▶ _Task objective_
Extract the lines from the first line of the records below through the line containing "Животный мир.Немного про животных.", inclusive, and reproduce them exactly as written.

--- START ---

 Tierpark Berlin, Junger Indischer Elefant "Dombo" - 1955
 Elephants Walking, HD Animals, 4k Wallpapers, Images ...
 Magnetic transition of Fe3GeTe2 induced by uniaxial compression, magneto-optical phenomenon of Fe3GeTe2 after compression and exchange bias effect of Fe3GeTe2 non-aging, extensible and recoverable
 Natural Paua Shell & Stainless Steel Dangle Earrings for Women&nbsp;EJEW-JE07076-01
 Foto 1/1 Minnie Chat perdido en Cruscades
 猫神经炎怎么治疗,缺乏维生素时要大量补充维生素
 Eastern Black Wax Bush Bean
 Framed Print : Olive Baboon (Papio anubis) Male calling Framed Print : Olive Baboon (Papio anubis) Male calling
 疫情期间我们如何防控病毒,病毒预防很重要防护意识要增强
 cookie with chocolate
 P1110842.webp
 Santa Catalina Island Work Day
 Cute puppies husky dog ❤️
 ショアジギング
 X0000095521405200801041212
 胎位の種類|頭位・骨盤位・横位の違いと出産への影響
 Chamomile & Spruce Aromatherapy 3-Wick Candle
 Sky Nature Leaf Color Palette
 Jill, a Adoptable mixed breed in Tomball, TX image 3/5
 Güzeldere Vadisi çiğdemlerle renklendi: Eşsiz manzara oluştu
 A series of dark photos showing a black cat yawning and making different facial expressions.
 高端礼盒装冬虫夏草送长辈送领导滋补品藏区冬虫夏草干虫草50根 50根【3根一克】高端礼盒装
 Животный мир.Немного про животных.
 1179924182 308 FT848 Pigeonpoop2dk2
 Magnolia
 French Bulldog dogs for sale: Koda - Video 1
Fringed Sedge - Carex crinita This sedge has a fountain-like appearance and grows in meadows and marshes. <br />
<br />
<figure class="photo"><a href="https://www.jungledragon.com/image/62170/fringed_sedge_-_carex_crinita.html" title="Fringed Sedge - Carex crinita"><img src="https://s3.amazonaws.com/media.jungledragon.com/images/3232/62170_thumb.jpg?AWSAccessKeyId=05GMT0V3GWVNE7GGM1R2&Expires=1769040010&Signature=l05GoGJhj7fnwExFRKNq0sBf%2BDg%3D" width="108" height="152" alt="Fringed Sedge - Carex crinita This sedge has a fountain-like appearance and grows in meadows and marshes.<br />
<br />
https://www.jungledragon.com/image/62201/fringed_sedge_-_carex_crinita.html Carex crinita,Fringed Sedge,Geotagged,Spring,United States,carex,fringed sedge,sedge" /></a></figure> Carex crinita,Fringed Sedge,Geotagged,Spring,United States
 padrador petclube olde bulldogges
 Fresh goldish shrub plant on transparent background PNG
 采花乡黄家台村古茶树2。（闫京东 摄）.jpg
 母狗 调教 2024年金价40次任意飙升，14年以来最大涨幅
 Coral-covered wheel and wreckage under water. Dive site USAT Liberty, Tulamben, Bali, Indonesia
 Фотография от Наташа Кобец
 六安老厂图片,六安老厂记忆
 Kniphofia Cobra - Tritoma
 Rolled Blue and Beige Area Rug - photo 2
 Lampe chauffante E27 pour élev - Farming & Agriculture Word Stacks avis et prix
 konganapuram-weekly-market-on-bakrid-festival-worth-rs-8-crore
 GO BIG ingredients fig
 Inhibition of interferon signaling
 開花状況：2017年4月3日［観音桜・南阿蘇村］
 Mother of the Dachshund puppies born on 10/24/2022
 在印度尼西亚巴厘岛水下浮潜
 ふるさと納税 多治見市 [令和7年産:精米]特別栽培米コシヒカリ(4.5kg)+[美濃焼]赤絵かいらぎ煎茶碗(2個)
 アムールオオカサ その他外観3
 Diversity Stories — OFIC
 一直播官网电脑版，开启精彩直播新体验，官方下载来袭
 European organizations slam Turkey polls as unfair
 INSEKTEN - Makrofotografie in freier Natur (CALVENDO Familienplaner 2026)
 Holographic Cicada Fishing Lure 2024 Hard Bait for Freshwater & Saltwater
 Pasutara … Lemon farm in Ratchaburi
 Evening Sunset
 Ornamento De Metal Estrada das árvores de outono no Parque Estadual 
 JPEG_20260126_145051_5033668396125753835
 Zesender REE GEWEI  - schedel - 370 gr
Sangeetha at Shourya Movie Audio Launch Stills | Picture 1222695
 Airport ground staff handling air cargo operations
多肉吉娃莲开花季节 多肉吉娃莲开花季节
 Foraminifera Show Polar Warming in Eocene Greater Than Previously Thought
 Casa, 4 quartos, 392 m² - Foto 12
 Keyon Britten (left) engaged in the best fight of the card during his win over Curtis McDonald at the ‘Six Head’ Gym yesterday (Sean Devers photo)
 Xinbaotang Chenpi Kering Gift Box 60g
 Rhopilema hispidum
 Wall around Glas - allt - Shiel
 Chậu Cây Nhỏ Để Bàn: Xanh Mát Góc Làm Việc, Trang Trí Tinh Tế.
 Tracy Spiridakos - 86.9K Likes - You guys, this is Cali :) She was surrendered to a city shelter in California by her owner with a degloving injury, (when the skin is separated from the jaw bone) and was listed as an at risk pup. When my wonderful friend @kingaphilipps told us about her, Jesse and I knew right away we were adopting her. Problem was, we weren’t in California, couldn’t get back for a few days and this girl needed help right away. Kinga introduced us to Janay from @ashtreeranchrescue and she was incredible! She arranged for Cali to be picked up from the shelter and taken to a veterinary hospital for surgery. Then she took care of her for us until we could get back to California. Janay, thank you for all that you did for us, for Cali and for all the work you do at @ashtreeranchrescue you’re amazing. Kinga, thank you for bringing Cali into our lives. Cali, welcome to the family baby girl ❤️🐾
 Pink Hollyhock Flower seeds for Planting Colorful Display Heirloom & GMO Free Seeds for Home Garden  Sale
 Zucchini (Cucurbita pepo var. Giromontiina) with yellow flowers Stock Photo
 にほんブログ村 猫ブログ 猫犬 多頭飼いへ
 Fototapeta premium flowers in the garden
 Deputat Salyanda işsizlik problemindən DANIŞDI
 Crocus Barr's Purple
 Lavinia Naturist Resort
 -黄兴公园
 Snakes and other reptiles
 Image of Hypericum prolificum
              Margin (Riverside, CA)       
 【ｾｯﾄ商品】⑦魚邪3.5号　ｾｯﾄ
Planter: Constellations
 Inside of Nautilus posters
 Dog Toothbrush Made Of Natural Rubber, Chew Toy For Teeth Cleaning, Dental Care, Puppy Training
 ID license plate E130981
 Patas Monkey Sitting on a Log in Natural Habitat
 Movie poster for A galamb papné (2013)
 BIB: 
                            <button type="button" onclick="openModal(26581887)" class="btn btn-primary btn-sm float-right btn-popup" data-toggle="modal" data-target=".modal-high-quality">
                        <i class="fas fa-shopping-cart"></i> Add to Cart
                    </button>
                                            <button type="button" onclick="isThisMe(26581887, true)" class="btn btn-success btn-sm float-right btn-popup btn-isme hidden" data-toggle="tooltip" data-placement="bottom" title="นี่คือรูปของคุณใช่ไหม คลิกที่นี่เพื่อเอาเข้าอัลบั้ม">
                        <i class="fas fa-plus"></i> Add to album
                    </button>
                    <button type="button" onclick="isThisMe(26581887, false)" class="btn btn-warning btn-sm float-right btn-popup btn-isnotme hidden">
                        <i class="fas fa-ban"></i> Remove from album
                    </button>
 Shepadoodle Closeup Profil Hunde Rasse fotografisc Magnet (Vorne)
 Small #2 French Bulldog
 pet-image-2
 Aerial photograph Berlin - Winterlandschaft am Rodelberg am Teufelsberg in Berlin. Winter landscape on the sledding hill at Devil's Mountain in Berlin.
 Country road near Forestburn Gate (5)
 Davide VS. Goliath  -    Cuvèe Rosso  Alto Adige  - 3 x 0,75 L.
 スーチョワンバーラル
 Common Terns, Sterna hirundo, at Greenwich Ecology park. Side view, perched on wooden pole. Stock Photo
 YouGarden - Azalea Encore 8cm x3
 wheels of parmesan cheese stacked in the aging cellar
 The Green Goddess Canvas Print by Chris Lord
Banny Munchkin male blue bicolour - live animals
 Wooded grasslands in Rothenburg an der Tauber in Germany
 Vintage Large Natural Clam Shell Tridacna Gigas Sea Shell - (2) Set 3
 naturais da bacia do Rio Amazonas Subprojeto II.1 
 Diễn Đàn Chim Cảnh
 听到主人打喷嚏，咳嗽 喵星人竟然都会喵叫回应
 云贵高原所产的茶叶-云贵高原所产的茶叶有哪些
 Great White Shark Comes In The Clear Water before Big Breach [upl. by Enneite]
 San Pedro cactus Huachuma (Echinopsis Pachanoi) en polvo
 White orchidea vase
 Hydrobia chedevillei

--- END ---

▶ _Task answer_
 Tierpark Berlin, Junger Indischer Elefant "Dombo" - 1955
 Elephants Walking, HD Animals, 4k Wallpapers, Images ...
 Magnetic transition of Fe3GeTe2 induced by uniaxial compression, magneto-optical phenomenon of Fe3GeTe2 after compression and exchange bias effect of Fe3GeTe2 non-aging, extensible and recoverable
 Natural Paua Shell & Stainless Steel Dangle Earrings for Women&nbsp;EJEW-JE07076-01
 Foto 1/1 Minnie Chat perdido en Cruscades
 猫神经炎怎么治疗,缺乏维生素时要大量补充维生素
 Eastern Black Wax Bush Bean
 Framed Print : Olive Baboon (Papio anubis) Male calling Framed Print : Olive Baboon (Papio anubis) Male calling
 疫情期间我们如何防控病毒,病毒预防很重要防护意识要增强
 cookie with chocolate
 P1110842.webp
 Santa Catalina Island Work Day
 Cute puppies husky dog ❤️
 ショアジギング
 X0000095521405200801041212
 胎位の種類|頭位・骨盤位・横位の違いと出産への影響
 Chamomile & Spruce Aromatherapy 3-Wick Candle
 Sky Nature Leaf Color Palette
 Jill, a Adoptable mixed breed in Tomball, TX image 3/5
 Güzeldere Vadisi çiğdemlerle renklendi: Eşsiz manzara oluştu
 A series of dark photos showing a black cat yawning and making different facial expressions.
 高端礼盒装冬虫夏草送长辈送领导滋补品藏区冬虫夏草干虫草50根 50根【3根一克】高端礼盒装
 Животный мир.Немного про животных.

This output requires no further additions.